A few months ago, Volvo teamed up with Swedish steel producer SSAB to develop a type of steel it can use for its vehicles that doesn’t use fossil fuels. Now, the automaker has revealed what it says is the world’s first vehicle made of fossil-free steel: A four wheeled fully electric load carrier made for quarrying and mining. In addition to having no greenhouse gas emission, it’s also autonomous and can follow a pre-programmed route to transport materials at a job site.
SSAB produces fossil-free steel by replacing the coal used during the manufacturing process with hydrogen from electrolysis. As Forbes notes, though, the whole vehicle isn’t exactly fossil-free, since the steel used for its components provided by third-party suppliers, such as its electric motor, were made using traditional means. Still, Volvo Group CTO Lars Stenqvist told the publication that “majority of the steel” in the vehicle is fossil free. He said three tons of the carrier’s 8.2-ton weight is made of green steel from SSAB, and those eight tons include other heavy components like the vehicle’s tires.
Volvo plans to start a small-scale production for the vehicle next year and to scale up production, depending on the availability of steel from SSAB. The Swedish manufacturer is hoping to start mass-producing its fossil-free steel in 2026, so we may see more Volvo vehicles made using the material by that time.
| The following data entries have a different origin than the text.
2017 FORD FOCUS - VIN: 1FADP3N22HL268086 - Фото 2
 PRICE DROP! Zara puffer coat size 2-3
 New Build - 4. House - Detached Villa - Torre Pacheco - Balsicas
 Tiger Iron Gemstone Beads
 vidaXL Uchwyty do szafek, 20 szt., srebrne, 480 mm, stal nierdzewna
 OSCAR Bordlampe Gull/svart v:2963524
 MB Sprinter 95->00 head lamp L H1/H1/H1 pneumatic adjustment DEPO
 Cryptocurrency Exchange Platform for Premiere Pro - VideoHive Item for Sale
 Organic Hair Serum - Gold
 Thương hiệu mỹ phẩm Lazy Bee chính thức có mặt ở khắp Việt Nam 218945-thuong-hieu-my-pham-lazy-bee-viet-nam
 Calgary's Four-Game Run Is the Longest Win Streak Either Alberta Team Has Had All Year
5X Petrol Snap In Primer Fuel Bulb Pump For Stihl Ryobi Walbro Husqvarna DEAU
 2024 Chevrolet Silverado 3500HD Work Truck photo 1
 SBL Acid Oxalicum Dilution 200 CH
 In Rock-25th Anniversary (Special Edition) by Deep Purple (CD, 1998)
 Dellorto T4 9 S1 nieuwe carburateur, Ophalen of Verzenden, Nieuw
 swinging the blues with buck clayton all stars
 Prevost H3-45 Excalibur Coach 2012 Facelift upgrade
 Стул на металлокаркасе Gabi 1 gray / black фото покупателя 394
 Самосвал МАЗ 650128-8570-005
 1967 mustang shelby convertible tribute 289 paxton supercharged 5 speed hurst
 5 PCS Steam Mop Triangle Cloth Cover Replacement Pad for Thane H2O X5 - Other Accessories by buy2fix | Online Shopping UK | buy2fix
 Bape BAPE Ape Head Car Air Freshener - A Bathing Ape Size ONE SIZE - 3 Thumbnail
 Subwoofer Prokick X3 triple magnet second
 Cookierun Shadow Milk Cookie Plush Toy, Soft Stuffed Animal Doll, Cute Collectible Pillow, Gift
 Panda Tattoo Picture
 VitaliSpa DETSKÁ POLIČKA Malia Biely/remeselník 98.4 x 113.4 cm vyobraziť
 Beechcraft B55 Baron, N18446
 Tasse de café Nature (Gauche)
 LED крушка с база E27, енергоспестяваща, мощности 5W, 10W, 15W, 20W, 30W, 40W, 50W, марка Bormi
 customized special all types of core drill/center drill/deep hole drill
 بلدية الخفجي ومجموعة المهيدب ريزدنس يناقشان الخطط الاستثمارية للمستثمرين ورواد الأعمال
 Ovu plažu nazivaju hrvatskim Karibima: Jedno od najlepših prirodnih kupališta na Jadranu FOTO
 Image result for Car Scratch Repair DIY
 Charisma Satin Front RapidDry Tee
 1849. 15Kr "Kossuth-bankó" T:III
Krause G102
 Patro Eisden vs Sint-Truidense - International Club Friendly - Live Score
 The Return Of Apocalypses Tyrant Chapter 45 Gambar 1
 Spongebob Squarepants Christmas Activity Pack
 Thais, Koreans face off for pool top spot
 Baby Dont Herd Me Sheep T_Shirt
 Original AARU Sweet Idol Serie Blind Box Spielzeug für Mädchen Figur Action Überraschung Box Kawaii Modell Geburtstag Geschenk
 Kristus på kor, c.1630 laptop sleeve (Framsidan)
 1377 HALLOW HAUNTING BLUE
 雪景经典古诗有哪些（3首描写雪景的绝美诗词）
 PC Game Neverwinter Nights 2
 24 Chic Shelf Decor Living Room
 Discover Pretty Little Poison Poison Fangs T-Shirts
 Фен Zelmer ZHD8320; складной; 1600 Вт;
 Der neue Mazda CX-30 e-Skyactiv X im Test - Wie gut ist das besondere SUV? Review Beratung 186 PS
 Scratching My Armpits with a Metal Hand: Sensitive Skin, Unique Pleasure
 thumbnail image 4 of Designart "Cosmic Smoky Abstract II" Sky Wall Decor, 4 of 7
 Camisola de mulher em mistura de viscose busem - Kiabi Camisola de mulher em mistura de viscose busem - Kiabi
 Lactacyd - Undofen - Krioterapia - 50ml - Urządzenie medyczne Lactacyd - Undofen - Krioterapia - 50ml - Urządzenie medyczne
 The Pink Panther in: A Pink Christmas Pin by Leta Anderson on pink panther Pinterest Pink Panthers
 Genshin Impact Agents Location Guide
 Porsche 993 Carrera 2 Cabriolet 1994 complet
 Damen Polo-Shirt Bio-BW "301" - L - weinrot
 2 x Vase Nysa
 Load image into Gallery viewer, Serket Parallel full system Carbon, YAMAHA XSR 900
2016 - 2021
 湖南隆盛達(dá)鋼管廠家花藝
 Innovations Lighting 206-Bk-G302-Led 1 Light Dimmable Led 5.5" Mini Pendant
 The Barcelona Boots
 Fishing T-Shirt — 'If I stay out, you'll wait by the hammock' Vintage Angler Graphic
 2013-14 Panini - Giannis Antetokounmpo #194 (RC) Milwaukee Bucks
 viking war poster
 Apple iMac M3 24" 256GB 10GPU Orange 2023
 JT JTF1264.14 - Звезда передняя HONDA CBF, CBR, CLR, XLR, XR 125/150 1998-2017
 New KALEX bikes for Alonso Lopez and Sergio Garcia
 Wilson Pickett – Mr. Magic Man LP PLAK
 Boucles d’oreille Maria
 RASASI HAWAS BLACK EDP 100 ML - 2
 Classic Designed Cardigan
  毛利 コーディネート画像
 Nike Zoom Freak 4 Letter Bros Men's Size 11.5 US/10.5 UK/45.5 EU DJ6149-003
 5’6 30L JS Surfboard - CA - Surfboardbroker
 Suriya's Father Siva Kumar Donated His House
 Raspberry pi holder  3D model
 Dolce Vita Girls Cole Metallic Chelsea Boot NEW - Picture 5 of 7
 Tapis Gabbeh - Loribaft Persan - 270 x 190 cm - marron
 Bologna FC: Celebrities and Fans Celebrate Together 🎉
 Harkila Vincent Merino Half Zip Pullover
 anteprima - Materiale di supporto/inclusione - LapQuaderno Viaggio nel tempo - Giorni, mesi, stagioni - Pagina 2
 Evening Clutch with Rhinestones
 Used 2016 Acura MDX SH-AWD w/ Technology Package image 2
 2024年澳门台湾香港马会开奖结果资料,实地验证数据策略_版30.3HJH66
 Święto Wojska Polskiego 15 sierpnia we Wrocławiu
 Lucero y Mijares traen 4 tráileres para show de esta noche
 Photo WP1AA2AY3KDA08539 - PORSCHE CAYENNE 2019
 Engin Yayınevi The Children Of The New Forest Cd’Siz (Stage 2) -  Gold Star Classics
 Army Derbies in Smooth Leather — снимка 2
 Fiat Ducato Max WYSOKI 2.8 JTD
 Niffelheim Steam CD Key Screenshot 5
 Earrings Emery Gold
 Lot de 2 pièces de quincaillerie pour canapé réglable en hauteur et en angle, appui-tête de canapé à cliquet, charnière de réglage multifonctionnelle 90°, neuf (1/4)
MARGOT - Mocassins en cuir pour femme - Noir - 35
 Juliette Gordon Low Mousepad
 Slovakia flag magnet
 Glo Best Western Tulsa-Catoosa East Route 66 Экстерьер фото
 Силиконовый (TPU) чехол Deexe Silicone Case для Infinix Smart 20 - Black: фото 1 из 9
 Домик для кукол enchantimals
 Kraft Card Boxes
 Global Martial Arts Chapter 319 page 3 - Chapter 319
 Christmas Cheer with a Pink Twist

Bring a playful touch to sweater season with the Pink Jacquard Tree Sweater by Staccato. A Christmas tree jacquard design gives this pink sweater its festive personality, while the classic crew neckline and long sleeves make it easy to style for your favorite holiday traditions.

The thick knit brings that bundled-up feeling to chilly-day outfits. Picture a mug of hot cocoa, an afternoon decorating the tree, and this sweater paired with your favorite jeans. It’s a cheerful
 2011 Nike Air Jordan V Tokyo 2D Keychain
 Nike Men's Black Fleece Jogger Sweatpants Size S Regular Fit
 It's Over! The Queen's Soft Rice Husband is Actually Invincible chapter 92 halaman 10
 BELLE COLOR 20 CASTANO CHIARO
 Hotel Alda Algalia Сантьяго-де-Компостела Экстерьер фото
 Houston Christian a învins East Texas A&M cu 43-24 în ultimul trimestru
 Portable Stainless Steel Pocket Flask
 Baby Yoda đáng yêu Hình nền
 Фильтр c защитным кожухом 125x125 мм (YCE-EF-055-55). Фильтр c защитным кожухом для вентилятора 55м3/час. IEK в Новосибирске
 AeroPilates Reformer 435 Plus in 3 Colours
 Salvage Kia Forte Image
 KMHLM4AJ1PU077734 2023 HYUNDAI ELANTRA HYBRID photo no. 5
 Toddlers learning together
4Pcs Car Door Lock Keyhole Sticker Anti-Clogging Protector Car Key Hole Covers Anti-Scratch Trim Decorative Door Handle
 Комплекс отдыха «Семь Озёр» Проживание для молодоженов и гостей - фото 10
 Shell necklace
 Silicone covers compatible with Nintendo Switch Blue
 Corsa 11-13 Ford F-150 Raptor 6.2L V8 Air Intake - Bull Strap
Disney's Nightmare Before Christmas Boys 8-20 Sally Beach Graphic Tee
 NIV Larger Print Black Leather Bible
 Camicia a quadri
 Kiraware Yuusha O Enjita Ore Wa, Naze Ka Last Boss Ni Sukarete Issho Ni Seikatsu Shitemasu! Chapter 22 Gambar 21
Martin Lundstedt, President and CEO Volvo Group, said in a statement:
“This initiative with SSAB sets the benchmark for a fossil-free future. Just as the nations of the world come together at COP26 to address climate change, so too must organizations and industries work in collaboration to develop innovative new solutions for a greenhouse gas emission free future. Volvo Group is committed to pioneering partnerships such as this with SSAB to develop attractive, safe and efficient new vehicles and machines that pave the way for a more sustainable transport and infrastructure system adopted for the future.”